NetServer::Generic provides a couple of extra methods.

peer()

The peer() method returns a reference to a two-element list containing the hostname and IP address of the host at the other end of the socket. If called before a connection has been received, its value will be undefined. (Don't try to assign values via peer unless you want to confuse the allowed/forbidden checking code!)

quit()

The quit() method attempts to shut down a server. If running as a forking service, it does so by sending a kill -15 to the parent process. If running as a select-based service it returns from run().

start_servers()

In prefork mode, specifies how many child servers to start up.

max_servers()

In prefork mode, specifies the maximum number of children to spawn under load.

min_spare_servers()

In prefork mode, specifies a number of spare (inactive) child servers; if we drop below this level (due to load), the parent will spawn additional children (up to a maximum of max_servers) until we go back over min_spare_servers.

server_lifespan()

In prefork server mode, child servers run as select servers.
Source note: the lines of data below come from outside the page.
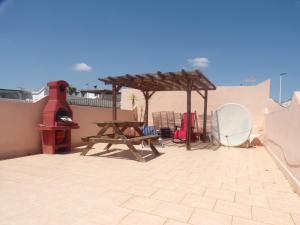 a patio with a picnic table and a wooden bench at Camposol House in Mazarrón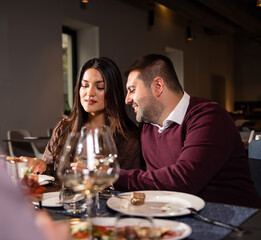 Happy couple Laughing at Dinner Table
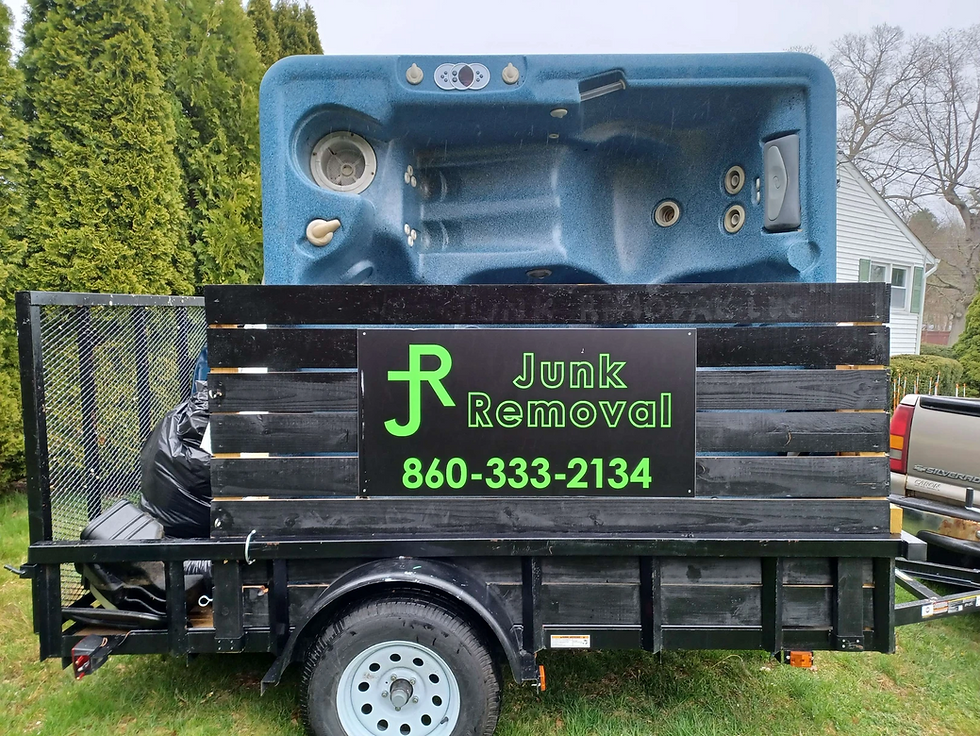 Hot tub being removed by a JR Junk Removal Trailer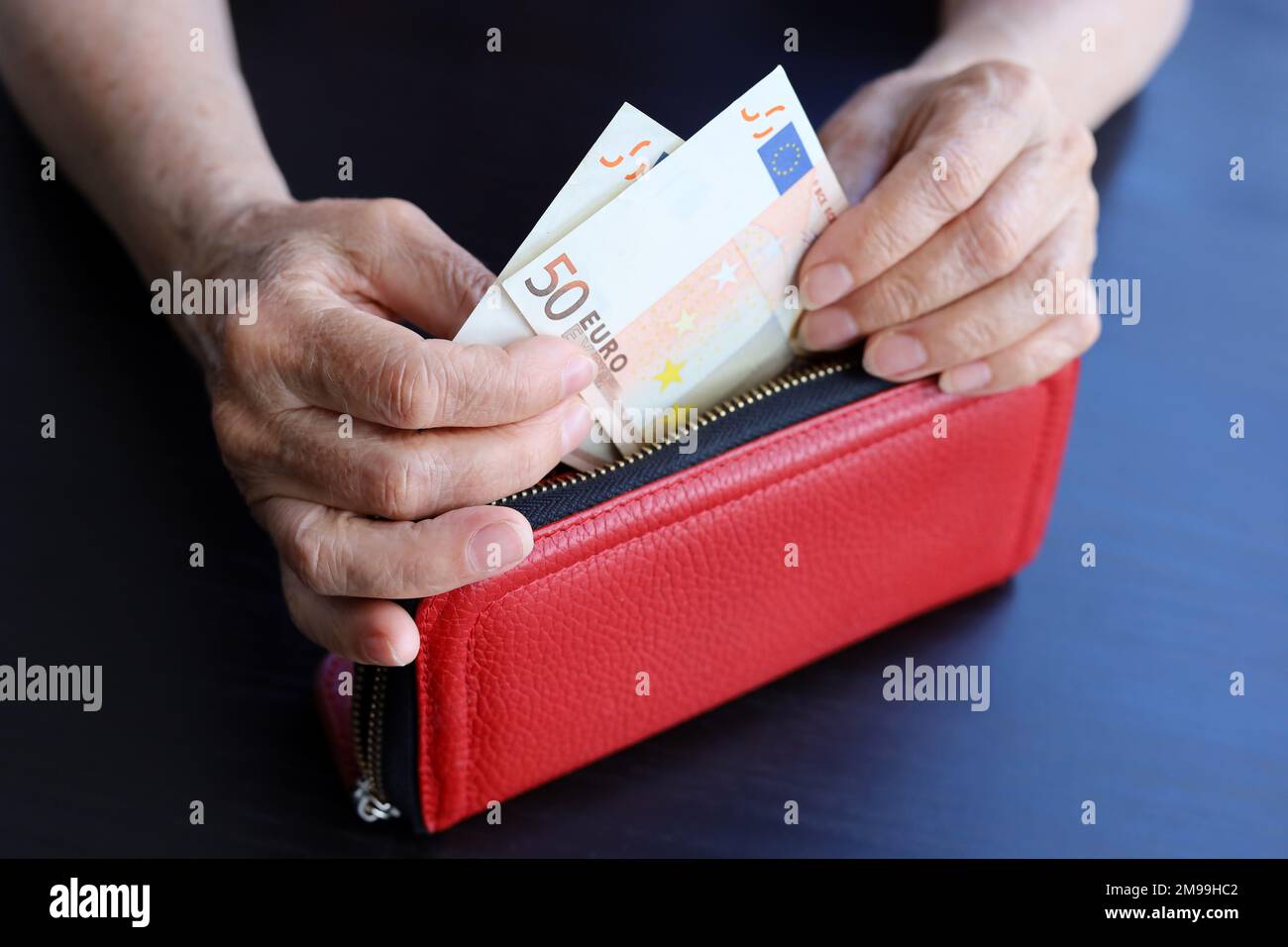 Banconote in euro in portafoglio rosso in mani stropicciate di donna anziana. Concetto di pagamenti e assistenza pensionistica, risparmio, pensionamento in Europa Foto Stock
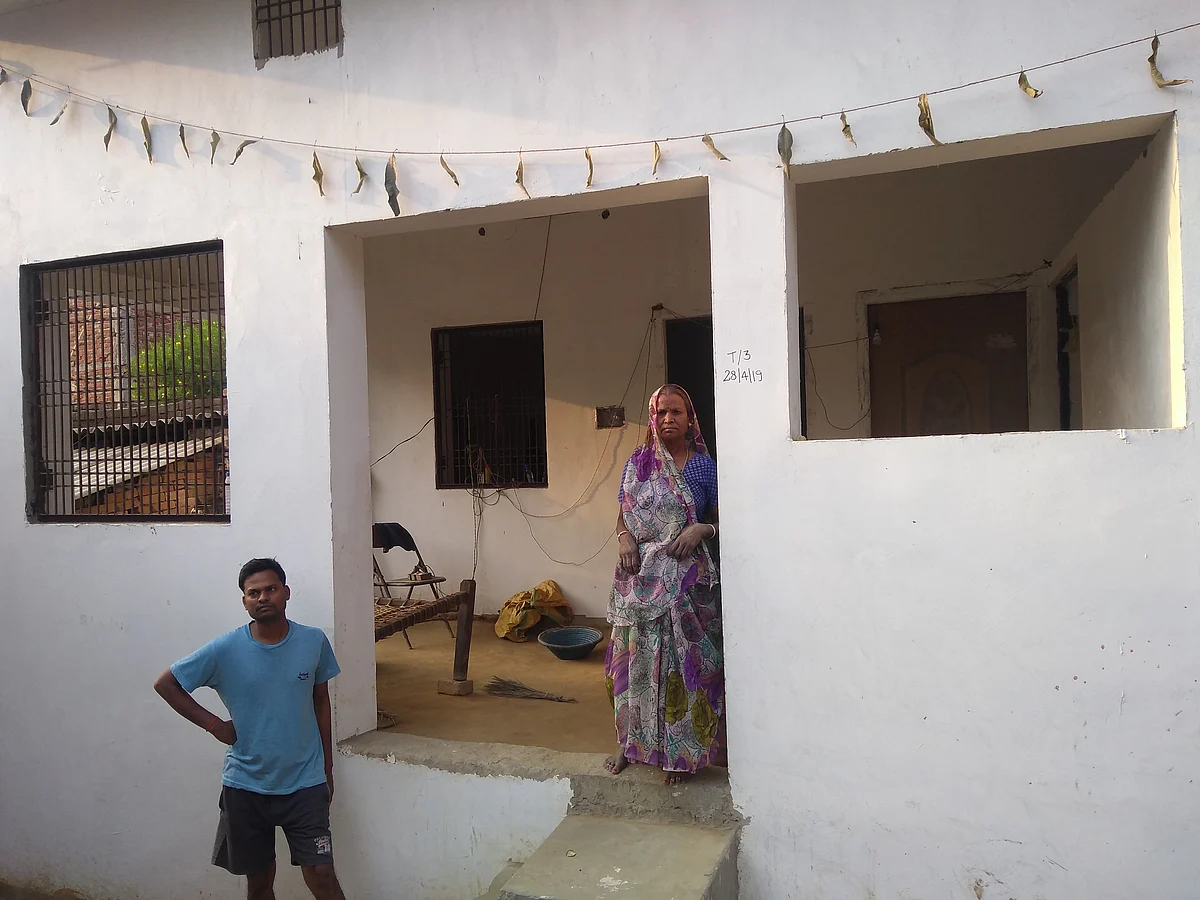 Malti Nishad standing in front of her home for which she also used a part of her savings. (Prakhar Gupta/Swarajya)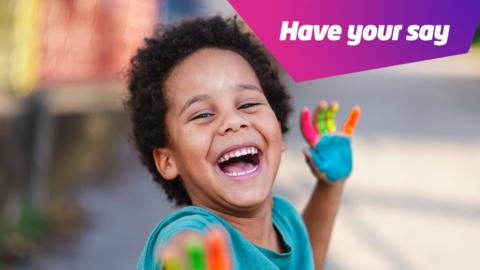 smiling boy with paint on his hands. 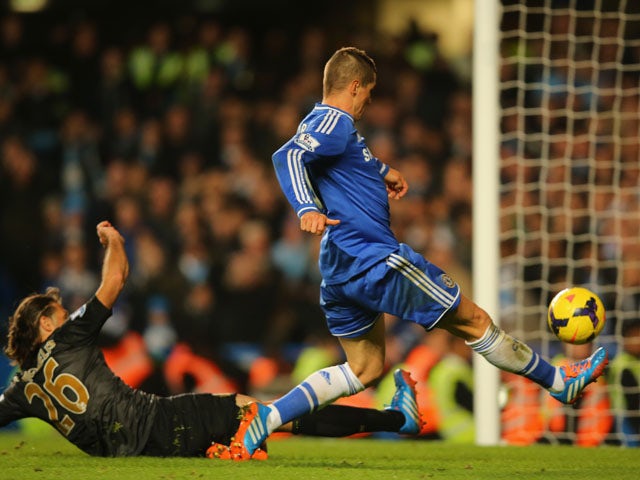 Fernando Torres of Chelsea scores their second goal during the Barclays Premier League match between Chelsea and Manchester City at Stamford Bridge on October 27, 2013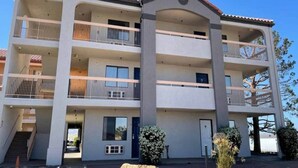 A multi-story building with balconies, a central entrance, and a landscaped area with rocks and plants.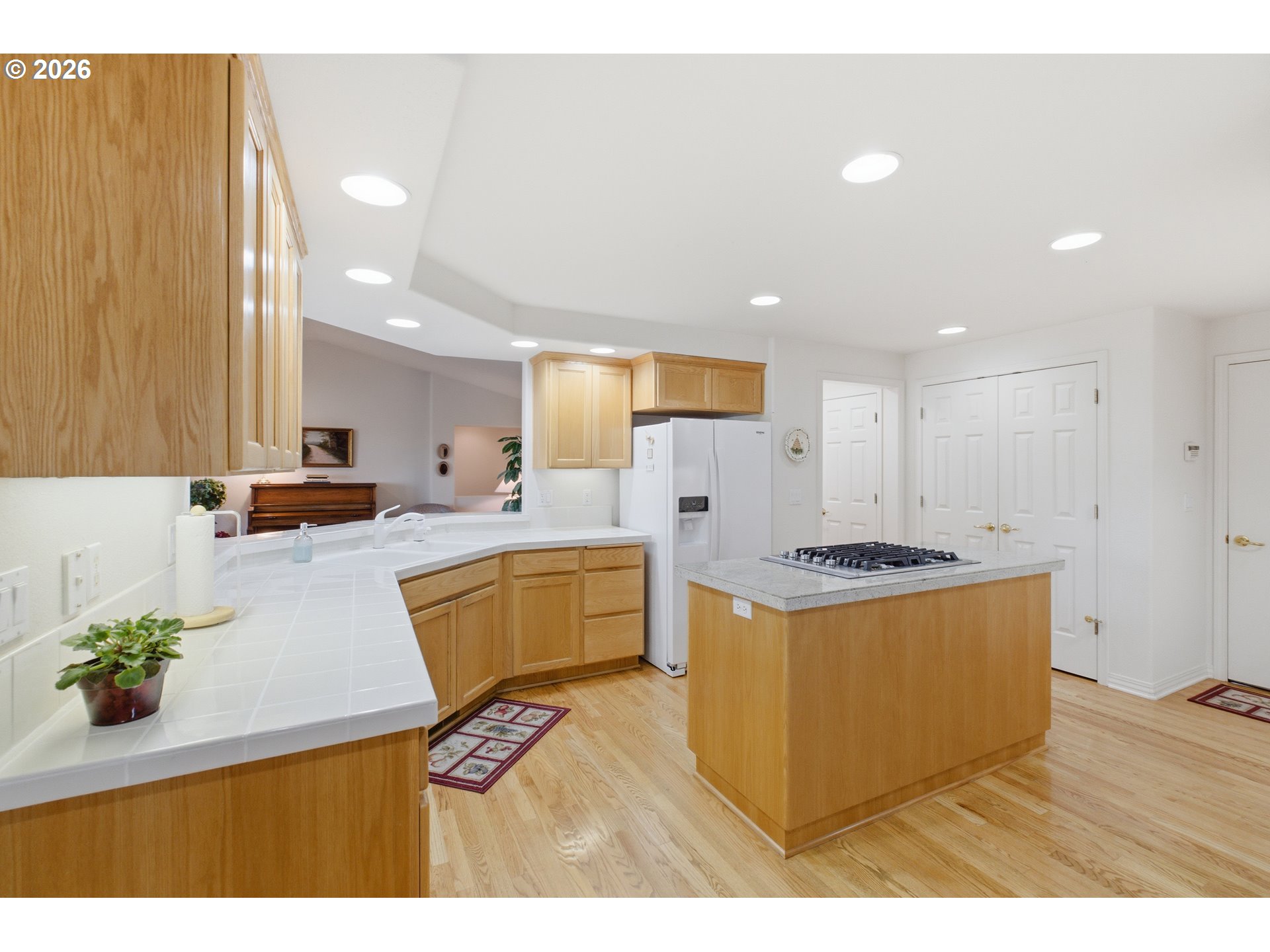 6428 Castle Lakes Court Keizer, OR 97303 - Photo 14 of 48 a kitchen with stainless steel appliances granite countertop a stove a sink a refrigerator and a refrigerator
After server_lifespan connections they will commit suicide and be replaced by the parent. If server_lifespan is set to 1, children will effectively run once then exit (like a forking server). For purposes of insanity, a lifespan of 0 is treated like a lifespan of 1.

servername()

In the prefork server, unless you explicitly tell the server to bind to a named host, it will accept all incoming connections. Within a client, you may need to know what local IP address an incoming connection was intended for. The servername() method can be invoked within the child server's callback and returns a two-element arrayref containing the port and IP address that the connection came in on. For example, in the client:

  my $callback = sub {
    my $server = shift;
    my ($server_port, $server_addr) = @{ $server->servername() };
    print "Connection on $server_addr:$server_port\n";

Types of server

A full discussion of internet servers is well beyond the scope of this man page. Beginners may want to start with a source like Beginning Linux Programming (which provides a simple, lucid discussion); more advanced readers may find Stevens' Advanced Programming in the UNIX environment useful.

In general, on non-threaded systems, a forking server is slightly less efficient than a select-based server (and uses up lots of PIDs). On the other hand, a select-based server is not a good solution to high workloads or time-consuming processes such as providing an NNTP news feed to an online newsreader.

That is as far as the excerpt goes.